Data in this exercise:
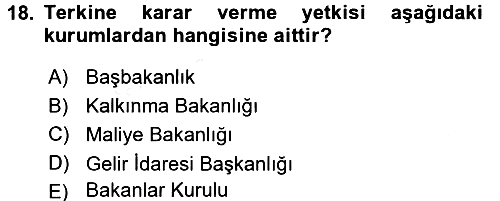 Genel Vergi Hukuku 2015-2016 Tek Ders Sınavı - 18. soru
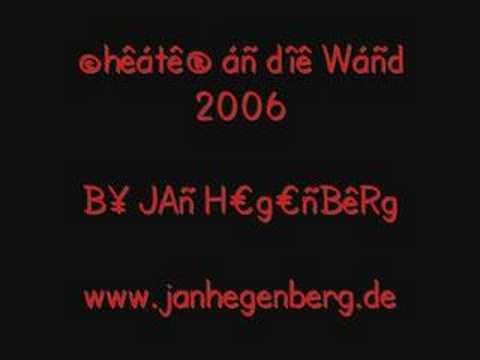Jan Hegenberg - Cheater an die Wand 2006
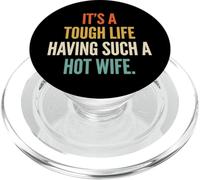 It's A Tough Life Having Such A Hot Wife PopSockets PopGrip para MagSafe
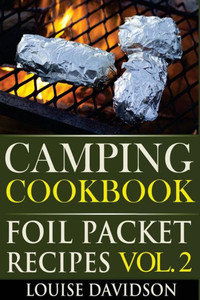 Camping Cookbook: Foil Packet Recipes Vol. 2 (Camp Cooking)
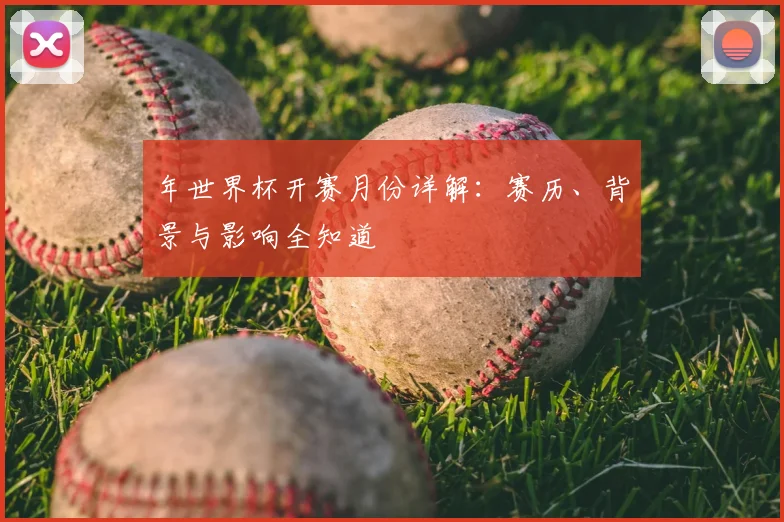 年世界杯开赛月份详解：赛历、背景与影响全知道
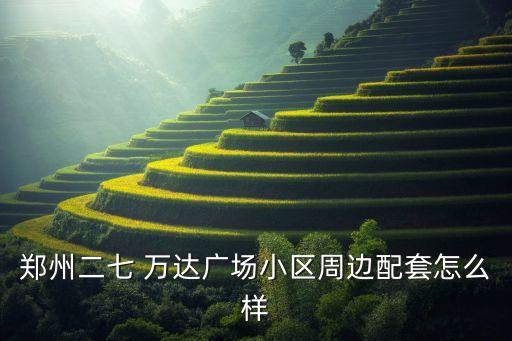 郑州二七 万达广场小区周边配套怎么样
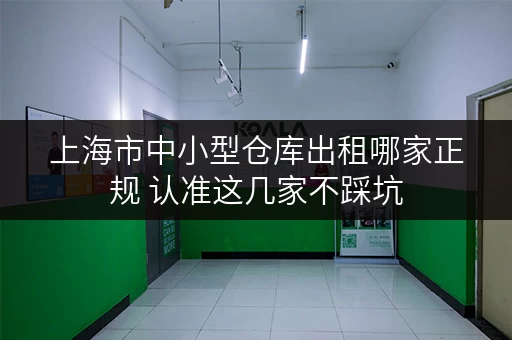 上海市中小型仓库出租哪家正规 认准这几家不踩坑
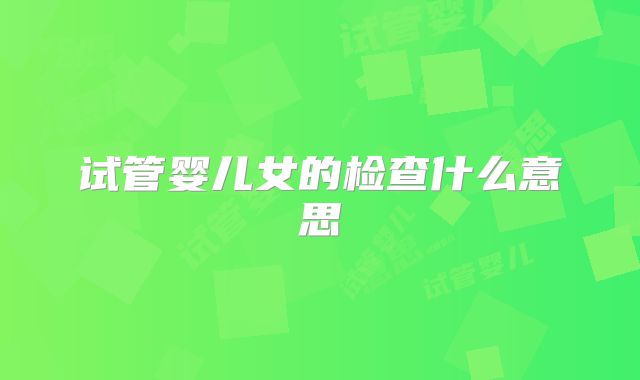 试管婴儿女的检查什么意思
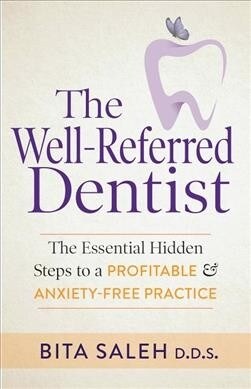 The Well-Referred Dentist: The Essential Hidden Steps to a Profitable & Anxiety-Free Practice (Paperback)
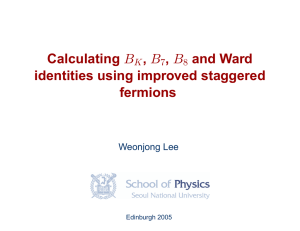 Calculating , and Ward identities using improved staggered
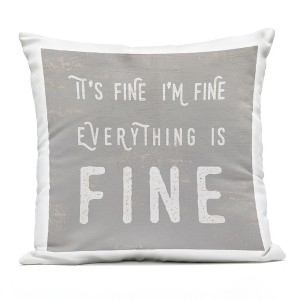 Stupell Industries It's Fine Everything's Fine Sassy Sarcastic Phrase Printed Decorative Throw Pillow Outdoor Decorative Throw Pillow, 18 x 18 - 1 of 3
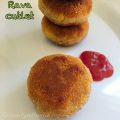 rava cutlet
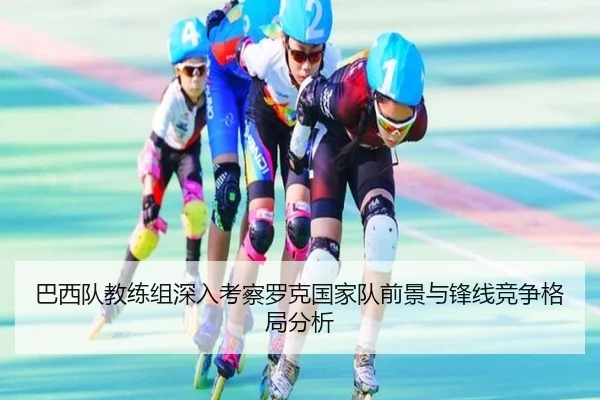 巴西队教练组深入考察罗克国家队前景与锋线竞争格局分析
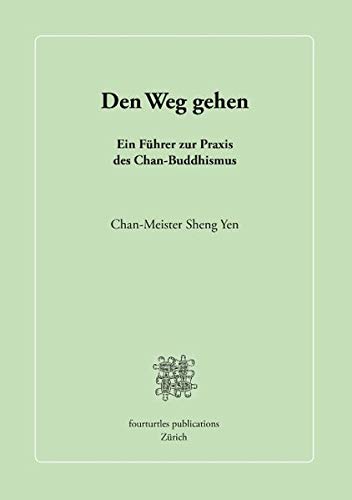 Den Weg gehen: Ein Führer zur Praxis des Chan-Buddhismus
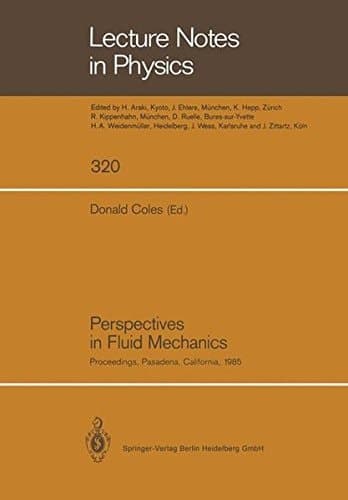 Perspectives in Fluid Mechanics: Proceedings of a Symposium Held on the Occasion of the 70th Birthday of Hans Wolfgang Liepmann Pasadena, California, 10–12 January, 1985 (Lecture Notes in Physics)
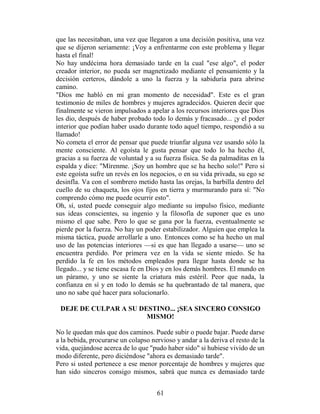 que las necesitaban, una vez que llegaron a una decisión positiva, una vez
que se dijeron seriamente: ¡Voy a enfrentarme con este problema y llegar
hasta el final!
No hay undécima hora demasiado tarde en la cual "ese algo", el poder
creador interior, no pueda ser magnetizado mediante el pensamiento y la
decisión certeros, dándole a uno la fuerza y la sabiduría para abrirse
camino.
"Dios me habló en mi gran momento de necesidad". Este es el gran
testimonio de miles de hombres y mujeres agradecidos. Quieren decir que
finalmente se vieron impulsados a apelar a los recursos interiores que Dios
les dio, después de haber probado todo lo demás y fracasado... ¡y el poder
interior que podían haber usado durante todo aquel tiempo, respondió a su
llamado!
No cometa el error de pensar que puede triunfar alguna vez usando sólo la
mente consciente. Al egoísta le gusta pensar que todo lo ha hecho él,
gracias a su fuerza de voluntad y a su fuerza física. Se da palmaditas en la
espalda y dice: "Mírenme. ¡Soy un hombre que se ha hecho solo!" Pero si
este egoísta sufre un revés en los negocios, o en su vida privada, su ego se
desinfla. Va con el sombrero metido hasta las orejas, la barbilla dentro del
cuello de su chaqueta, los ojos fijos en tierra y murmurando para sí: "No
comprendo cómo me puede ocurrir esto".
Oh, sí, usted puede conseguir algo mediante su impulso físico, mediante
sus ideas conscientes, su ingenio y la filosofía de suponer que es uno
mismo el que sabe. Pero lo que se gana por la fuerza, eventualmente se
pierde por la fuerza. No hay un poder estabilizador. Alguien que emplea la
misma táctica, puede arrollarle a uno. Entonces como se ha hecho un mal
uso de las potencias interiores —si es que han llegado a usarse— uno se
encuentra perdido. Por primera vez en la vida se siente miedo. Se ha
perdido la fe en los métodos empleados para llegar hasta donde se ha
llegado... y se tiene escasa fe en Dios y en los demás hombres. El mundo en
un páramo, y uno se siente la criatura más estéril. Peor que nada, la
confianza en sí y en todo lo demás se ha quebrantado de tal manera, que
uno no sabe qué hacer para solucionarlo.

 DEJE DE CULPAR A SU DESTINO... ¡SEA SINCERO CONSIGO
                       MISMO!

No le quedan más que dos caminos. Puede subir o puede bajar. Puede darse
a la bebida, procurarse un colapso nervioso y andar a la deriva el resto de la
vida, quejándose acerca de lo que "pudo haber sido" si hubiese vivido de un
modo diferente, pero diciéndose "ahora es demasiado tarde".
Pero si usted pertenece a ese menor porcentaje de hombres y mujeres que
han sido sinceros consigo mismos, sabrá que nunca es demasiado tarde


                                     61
--
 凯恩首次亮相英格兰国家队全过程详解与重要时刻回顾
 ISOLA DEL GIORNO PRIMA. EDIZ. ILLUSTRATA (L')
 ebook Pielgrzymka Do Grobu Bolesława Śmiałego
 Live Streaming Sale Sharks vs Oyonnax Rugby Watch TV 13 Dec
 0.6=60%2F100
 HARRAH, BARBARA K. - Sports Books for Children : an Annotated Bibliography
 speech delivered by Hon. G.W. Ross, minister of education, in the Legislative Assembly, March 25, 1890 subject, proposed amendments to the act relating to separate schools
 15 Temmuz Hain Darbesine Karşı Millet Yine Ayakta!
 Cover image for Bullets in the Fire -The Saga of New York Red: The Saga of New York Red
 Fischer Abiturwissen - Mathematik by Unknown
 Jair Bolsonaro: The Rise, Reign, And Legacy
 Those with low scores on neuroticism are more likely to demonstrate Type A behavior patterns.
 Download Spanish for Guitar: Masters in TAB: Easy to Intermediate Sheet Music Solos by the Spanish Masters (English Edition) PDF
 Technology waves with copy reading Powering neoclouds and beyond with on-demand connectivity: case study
==
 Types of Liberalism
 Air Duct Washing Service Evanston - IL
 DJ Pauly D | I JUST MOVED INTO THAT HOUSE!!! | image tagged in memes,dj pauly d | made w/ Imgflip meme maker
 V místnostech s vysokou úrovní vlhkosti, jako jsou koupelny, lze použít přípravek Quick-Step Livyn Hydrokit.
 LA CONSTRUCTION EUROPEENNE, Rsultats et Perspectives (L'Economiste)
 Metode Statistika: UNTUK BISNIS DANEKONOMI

Activity:
Using the listing above, copy exactly the line that contains "hasta el final!", the line that contains "Este es el gran", and each line that falls between them.

Task output:
hasta el final!
No hay undécima hora demasiado tarde en la cual "ese algo", el poder
creador interior, no pueda ser magnetizado mediante el pensamiento y la
decisión certeros, dándole a uno la fuerza y la sabiduría para abrirse
camino.
"Dios me habló en mi gran momento de necesidad". Este es el gran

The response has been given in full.